» **Exercise details**
Every line from the one holding "4 Bedroom Town" through the one holding "A gold surround" in the data below must be returned exactly, both ends included, with pictures left out and nothing else added.

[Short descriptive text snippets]
────────────────────

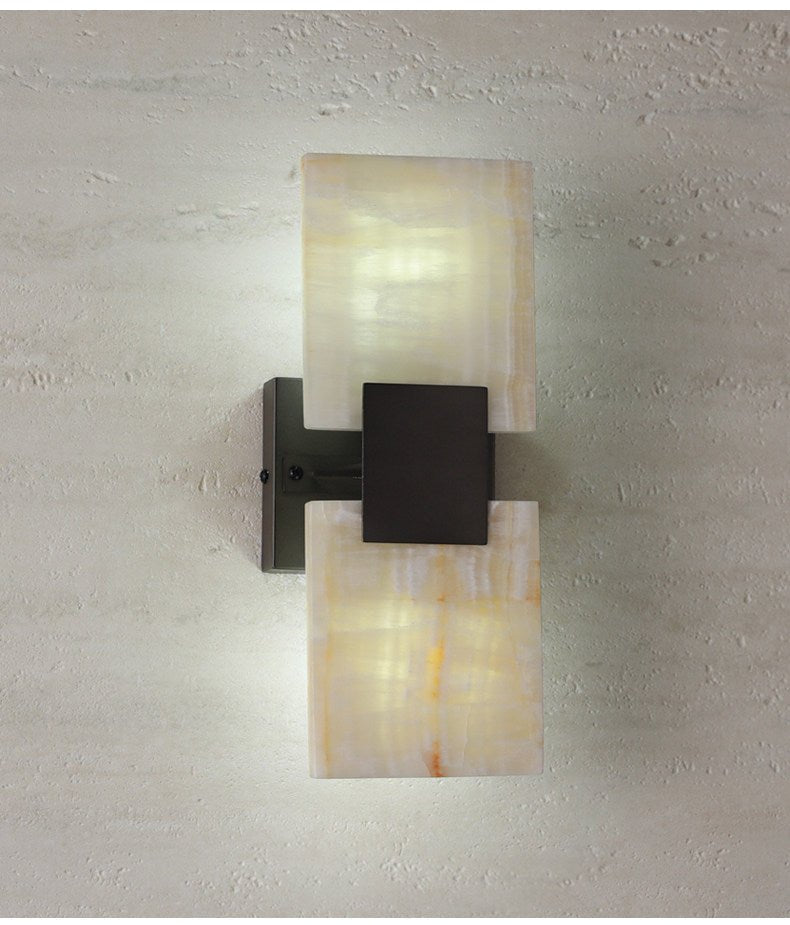 Nerion Shift Alabaster-Wandleuchte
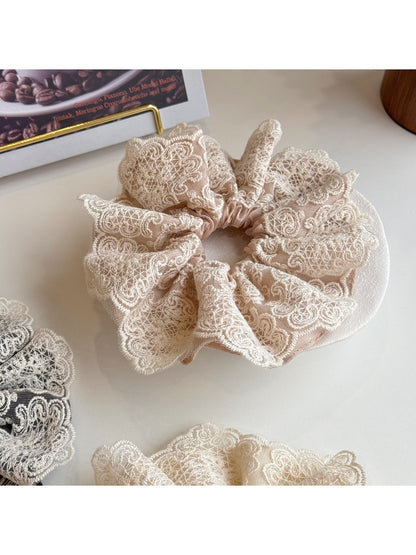 Gifty - Four Layer Lace Mesh Light Luxury Hair Circle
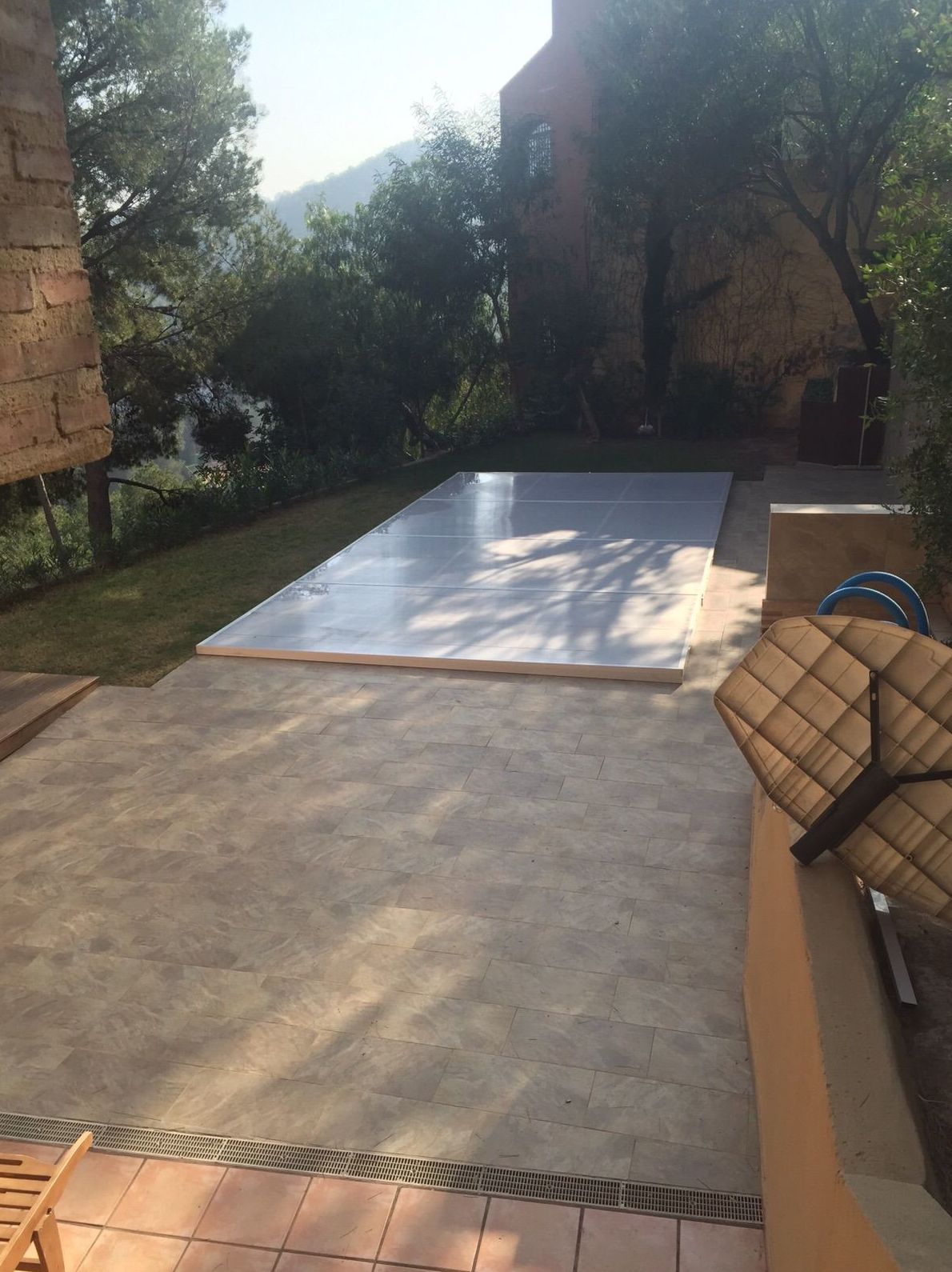 Tapa de aluminio y policarbonato para piscina. Tapa de aluminio y policarbonato para piscina.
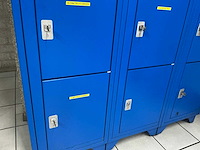 Kleedruimte inventaris - afbeelding 17 van  29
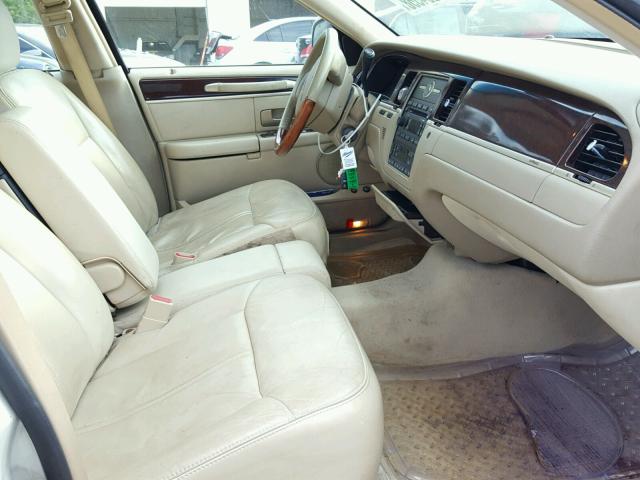 1LNHM82V96Y651423 - 2006 LINCOLN TOWN CAR S BEIGE photo 5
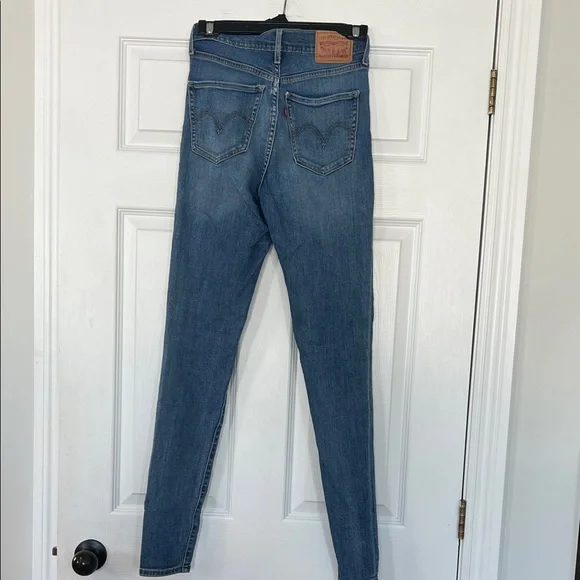 Levi's Classic Blue Skinny Jeans for Women - Picture 4 of 4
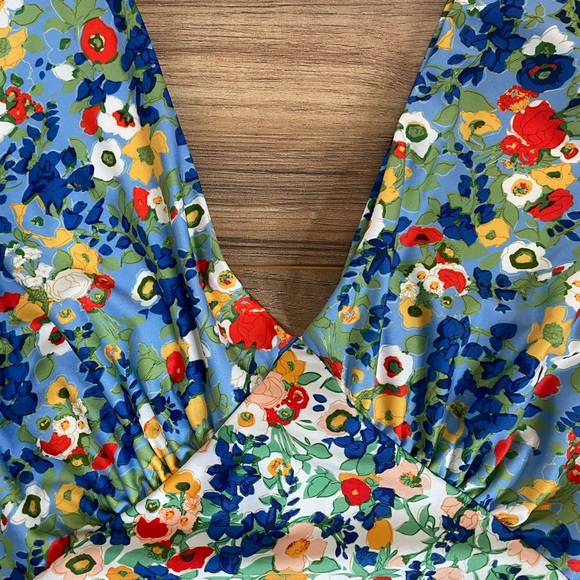 NWOT Anthropologie Ruffled Plunge One Piece Swimsuit - Picture 5 of 13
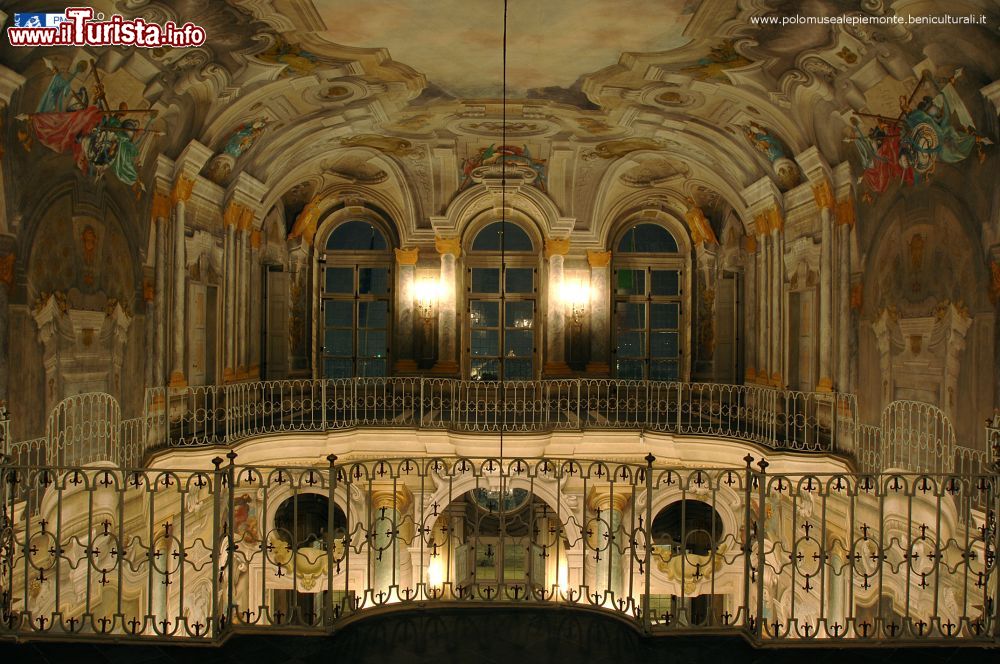 Immagine Il salone centrale della galleria superiore di VIlla della Regina a Torino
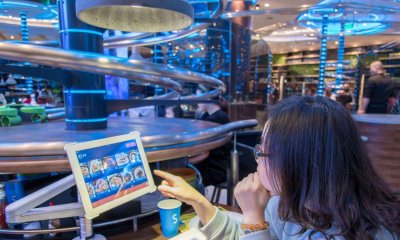 ​全球第十家失重餐厅上海开业 轨道布满餐厅食物从天而降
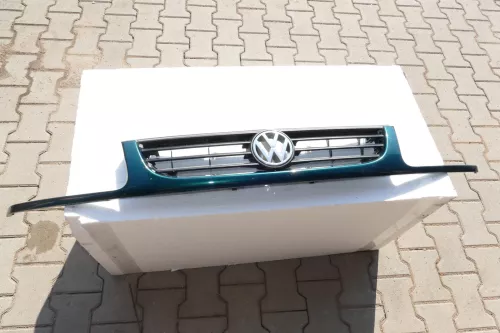 VW Polo 6N Kühlergrill Grillleiste grün LC6P vorne Leiste Grill VW Zeichen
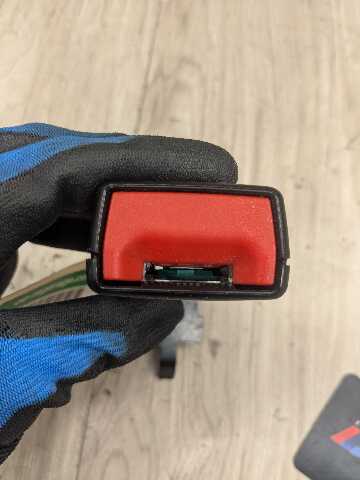 OEM BMW E70 E71 X5 X6 X5M X6M REAR Left or Right Seatbelt Seat Belt Strap Buckle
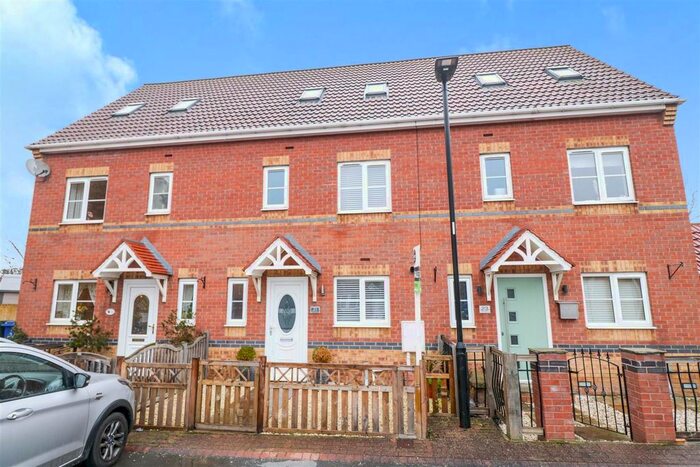 4 Bedroom Town House To Rent In Kestrel Drive, Mexborough, S64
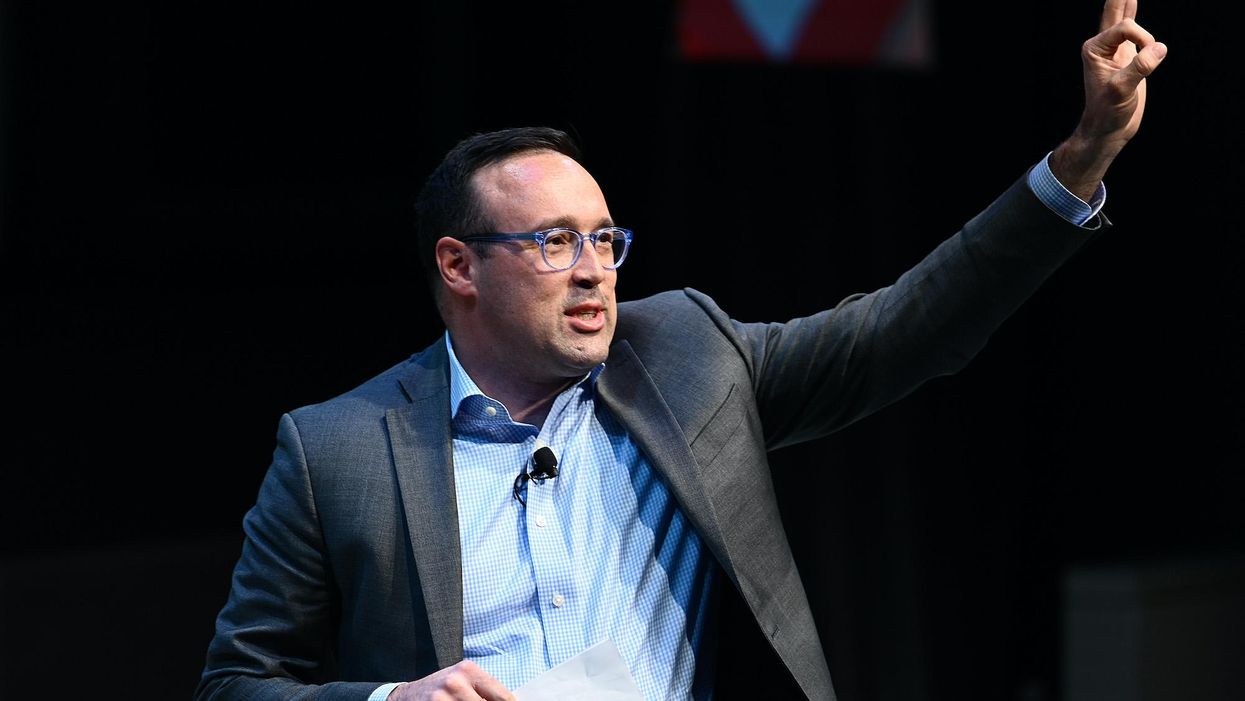 Twitter torches CNN's Chris Cillizza for claiming Republicans have become more right than Democrats have swung to the left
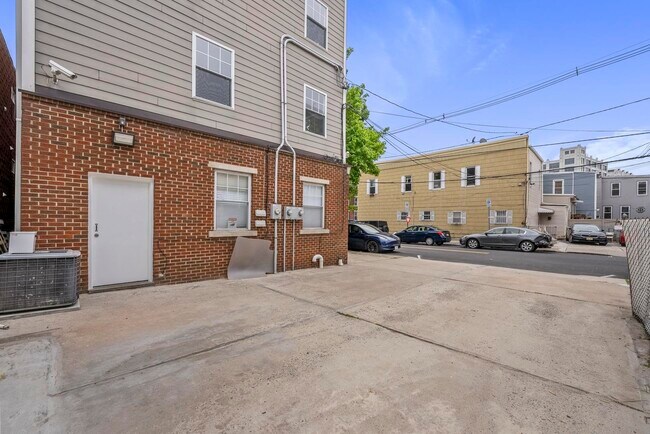 Photo - 282 St Pauls Ave Unit 1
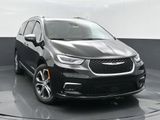 New 2026 Chrysler Pacifica Pinnacle image 2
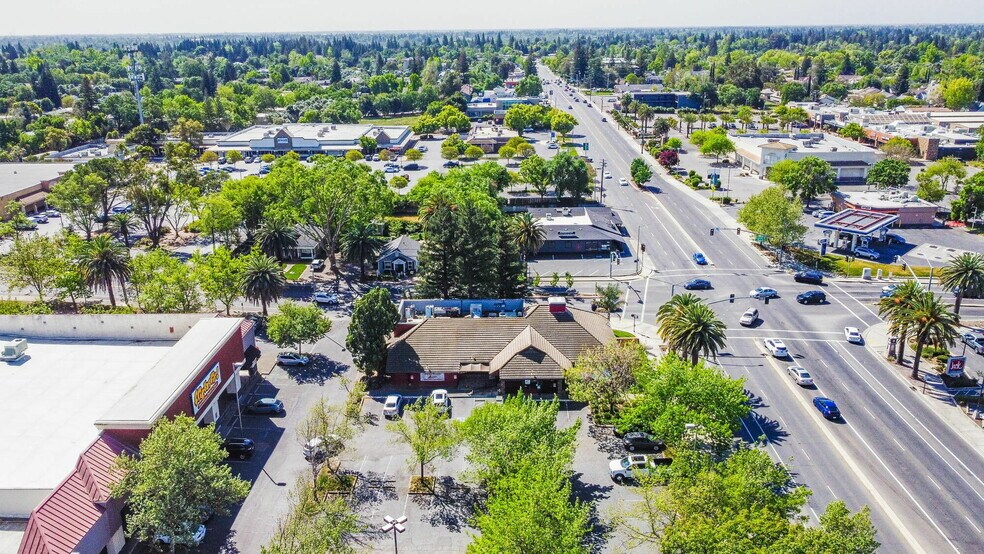 More Photos Of 6400 Fair Oaks Blvd, Carmichael Restaurant For Sale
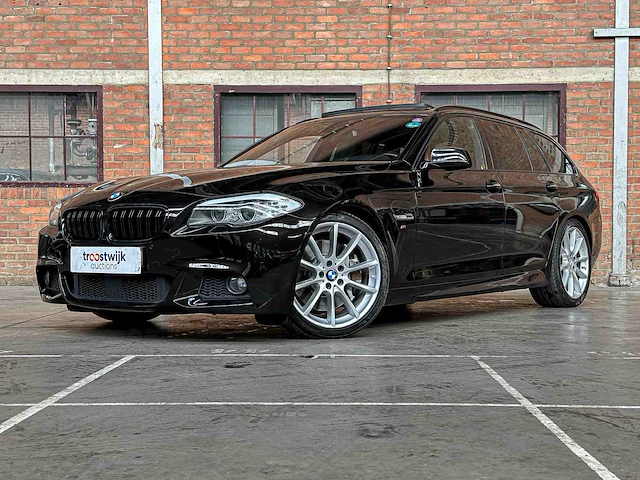 Bmw 550i 4.4 v8 high executive m-sport f11 408pk 2011 5-serie touring, hp-259-j - afbeelding 1 van  59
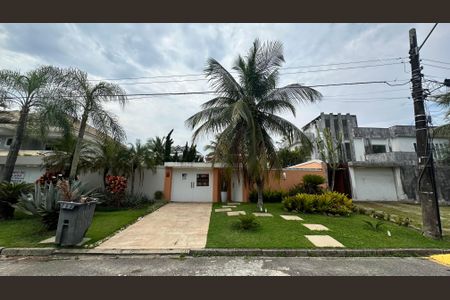 Casa de condomínio à venda com 335m², 4 quartos e 3 vagasFachada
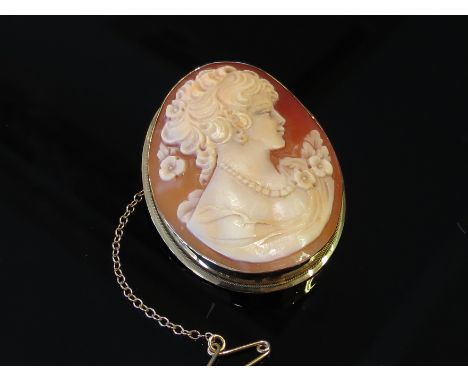A gold surround cameo brooch with side portrait of lady, stamped 750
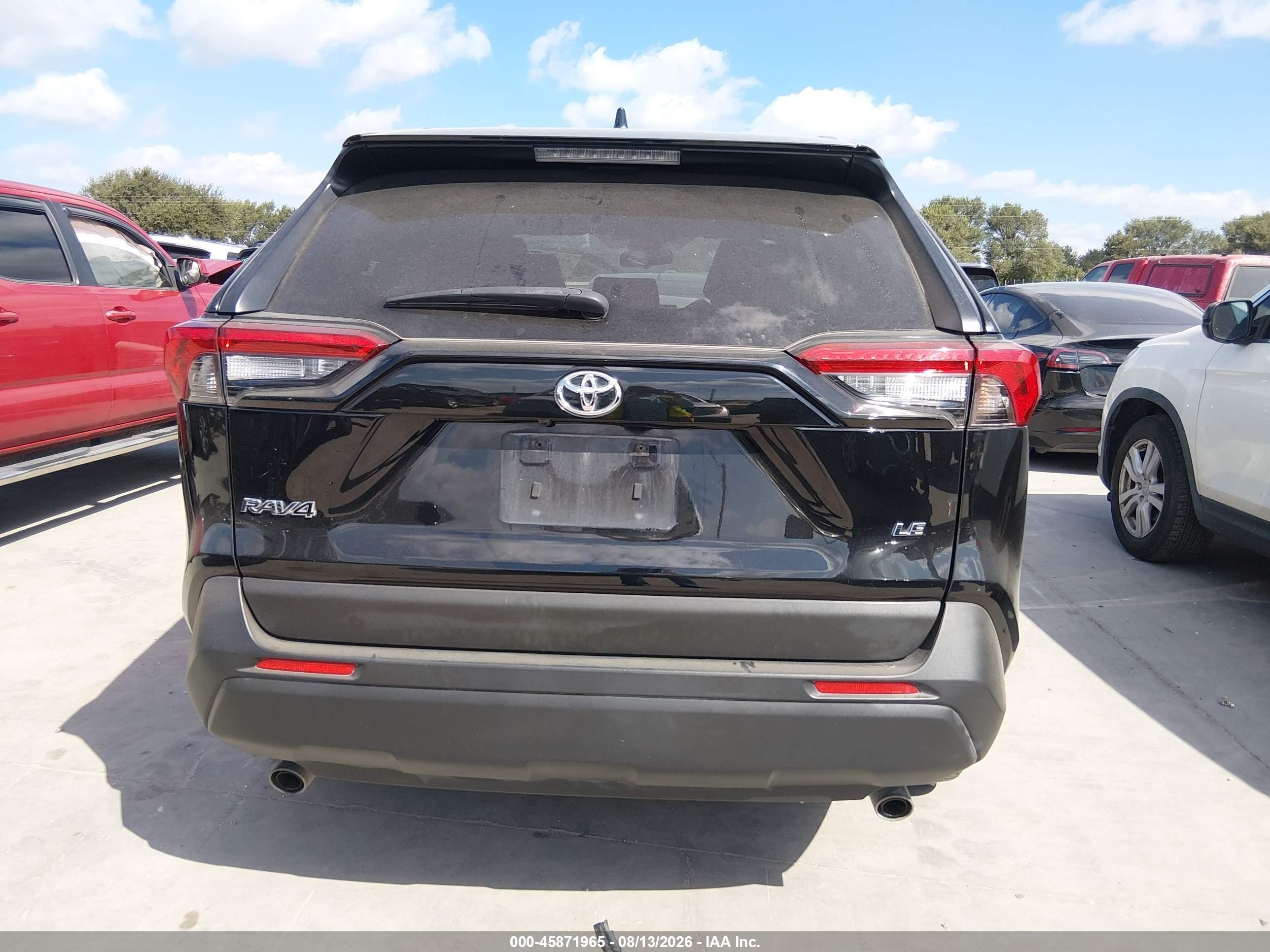 2019 Toyota Rav4 Le Black vin: JTMH1RFV4KD032291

────────────────────

» **Response area**
 4 Bedroom Town House To Rent In Kestrel Drive, Mexborough, S64
 Twitter torches CNN's Chris Cillizza for claiming Republicans have become more right than Democrats have swung to the left
 Photo - 282 St Pauls Ave Unit 1
 New 2026 Chrysler Pacifica Pinnacle image 2
 More Photos Of 6400 Fair Oaks Blvd, Carmichael Restaurant For Sale
 Bmw 550i 4.4 v8 high executive m-sport f11 408pk 2011 5-serie touring, hp-259-j - afbeelding 1 van  59
 Casa de condomínio à venda com 335m², 4 quartos e 3 vagasFachada
A gold surround cameo brooch with side portrait of lady, stamped 750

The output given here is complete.